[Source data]
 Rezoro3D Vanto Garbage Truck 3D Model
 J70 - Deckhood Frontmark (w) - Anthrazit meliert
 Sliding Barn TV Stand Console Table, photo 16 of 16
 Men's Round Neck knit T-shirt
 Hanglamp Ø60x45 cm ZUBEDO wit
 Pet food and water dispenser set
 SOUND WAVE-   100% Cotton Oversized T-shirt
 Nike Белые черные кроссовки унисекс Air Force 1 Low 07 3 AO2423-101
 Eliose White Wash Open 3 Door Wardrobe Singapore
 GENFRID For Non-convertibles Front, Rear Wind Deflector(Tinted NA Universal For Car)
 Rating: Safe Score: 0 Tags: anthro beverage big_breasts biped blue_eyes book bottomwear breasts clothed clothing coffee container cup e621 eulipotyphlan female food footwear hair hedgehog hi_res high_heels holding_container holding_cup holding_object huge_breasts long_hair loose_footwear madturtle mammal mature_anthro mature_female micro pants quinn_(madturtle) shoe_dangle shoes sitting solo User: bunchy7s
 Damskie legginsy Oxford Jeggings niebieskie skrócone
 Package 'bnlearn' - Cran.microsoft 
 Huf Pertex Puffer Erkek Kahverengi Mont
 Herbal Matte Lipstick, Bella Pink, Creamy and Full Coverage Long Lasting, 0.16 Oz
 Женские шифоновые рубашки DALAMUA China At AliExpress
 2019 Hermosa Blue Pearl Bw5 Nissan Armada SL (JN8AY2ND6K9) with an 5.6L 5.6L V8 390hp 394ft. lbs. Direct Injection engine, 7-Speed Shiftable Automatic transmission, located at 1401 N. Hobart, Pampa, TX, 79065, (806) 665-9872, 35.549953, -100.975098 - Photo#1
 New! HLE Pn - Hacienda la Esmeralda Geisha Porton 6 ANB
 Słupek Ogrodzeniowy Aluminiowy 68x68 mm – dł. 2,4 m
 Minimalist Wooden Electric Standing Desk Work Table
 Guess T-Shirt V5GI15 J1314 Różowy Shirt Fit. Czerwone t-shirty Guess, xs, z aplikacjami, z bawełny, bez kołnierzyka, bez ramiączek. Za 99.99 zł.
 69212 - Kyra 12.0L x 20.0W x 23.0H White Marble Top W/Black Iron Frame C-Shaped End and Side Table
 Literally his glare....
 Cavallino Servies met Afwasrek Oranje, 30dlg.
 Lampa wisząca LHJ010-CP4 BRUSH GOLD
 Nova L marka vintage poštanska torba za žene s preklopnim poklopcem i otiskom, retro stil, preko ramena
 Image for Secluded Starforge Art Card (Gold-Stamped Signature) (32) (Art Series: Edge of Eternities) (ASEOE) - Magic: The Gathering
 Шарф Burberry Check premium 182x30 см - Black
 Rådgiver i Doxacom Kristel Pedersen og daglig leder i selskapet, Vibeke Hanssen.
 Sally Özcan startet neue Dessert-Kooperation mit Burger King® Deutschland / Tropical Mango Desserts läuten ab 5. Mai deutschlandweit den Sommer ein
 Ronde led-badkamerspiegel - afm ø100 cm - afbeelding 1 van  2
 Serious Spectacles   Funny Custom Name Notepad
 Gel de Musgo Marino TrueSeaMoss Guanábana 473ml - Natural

> _Problem to solve_:
Report every line in the data that holds "Black", copying each one.

> _Answer space_:
 69212 - Kyra 12.0L x 20.0W x 23.0H White Marble Top W/Black Iron Frame C-Shaped End and Side Table
 Шарф Burberry Check premium 182x30 см - Black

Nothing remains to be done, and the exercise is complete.